Mullets to Homohawks

Like I’ve mentioned previously, I’ve been up in my hometown of Oroville (I can’t believe that is a PageRank 5 site…) for the last few days. This is not a journey made in haste or without culture shock. While Oroville and San Francisco (much more proper site) are both Northern Californian towns, they share little in common.
I could list the differences until next year, but some of the quick ones are a lack of ocean in Oroville, a lack of lake in San Francisco, a lack of a ballet, symphony, opera, and dramatic theatres in Oroville, a lack of space in San Francisco, etc. etc. etc. There is one big difference though and that is in hair styles.
Oroville loves the Mullet.
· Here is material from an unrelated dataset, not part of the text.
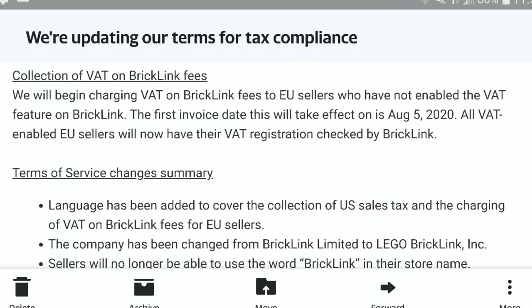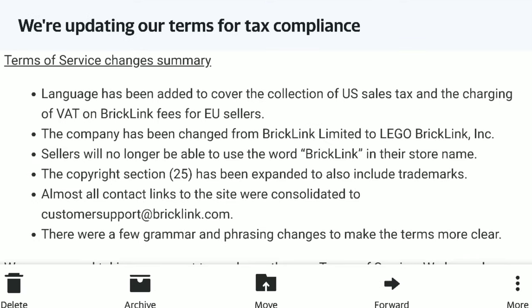The last thing I wanted to touch on from the email was the terms of service changes. The biggest change is that the language has been updated for the collection of US taxes and sales, but also the company has now been changed from BrickLink to Lego BrickLink. So BrickLink will no longer be called BrickLink — it will be referred to as Lego BrickLink.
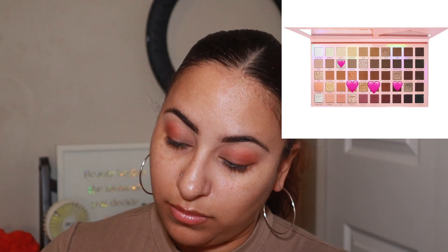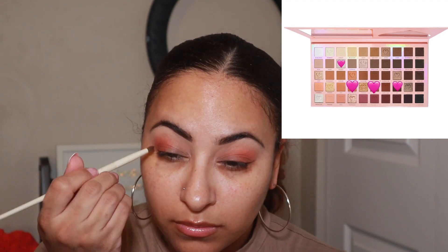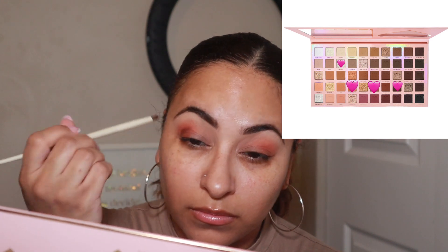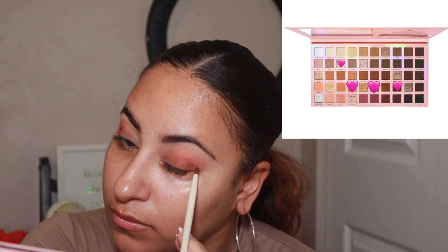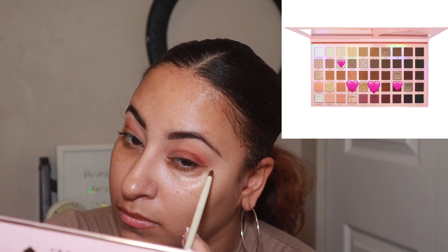I thought I was recording — I think I need to change the battery in my remote for my camera. The first shade I went in with is called Togetherness; I ran that along my crease. Then I went in with the shade Roses. Now I'm going in with the shade Veil just to add a little bit of depth into my crease area. I do somewhat have hooded eyes, but I just wanted to add a little depth without doing too bold a color on the outer corner.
What is a joke in the big City is something people pay good gobs of money to maintain up in the sticks. I’ve seen some amazing ones like this one super buff huge dude who had his permed and bleach blonde. I wasn’t about to tell him one way or the other what I thought about it and I just hoped I didn’t stare too much.
In San Francisco, the Homohawk still keeps popping up like that annoying kid in High School. I know it’s in bad taste to link to my own site for something like this, but you see, everyone wants to keep calling it the Fauxhawk. That’s decently clever, but look at the date on my article. I’ve been calling it that for a long time and honestly, “homohawk” is just way, way cleverer. Get with it.
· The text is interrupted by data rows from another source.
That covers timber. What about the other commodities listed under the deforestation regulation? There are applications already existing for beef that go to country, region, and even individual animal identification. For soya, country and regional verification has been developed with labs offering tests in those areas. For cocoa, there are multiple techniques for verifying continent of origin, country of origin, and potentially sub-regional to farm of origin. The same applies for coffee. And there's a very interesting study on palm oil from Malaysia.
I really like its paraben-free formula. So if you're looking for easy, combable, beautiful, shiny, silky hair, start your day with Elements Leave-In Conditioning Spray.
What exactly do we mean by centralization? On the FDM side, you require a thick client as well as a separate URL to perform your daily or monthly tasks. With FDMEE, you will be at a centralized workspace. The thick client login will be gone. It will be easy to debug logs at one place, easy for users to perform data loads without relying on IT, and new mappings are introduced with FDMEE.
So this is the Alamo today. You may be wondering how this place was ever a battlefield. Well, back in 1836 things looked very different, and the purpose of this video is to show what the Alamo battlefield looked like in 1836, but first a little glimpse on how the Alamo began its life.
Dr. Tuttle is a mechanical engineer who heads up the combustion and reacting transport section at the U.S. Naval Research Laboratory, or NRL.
Anyways, it’s the transition between these two that makes your head swim because if you’ve been jaunting between hickland and high society for eight years like I have, you start to see what are the primarily gay haircuts down here creep in to the mainstream cowboy looks and then it recycles back. I’m sure that in a couple of years Homohawks will be strutting around Montgomery Street (Oroville, not SF) with pride. This. Screws. With. My. Head. Really gang, it’s tough to take. I wish that region would stick to their respective looks, but as long at the metropolitan areas are fascinated with the White Trash and the country thinks that anything from the Big City is cool and hip, this juxtaposition from hell will exist for me. Oh well, it keeps my act lively and fancy free. Yee haw!

Sorry to quote so much from Wikipedia in this one. They just had the easiest stuff to find and my hickness was feeling lazy when I done did write this here thang.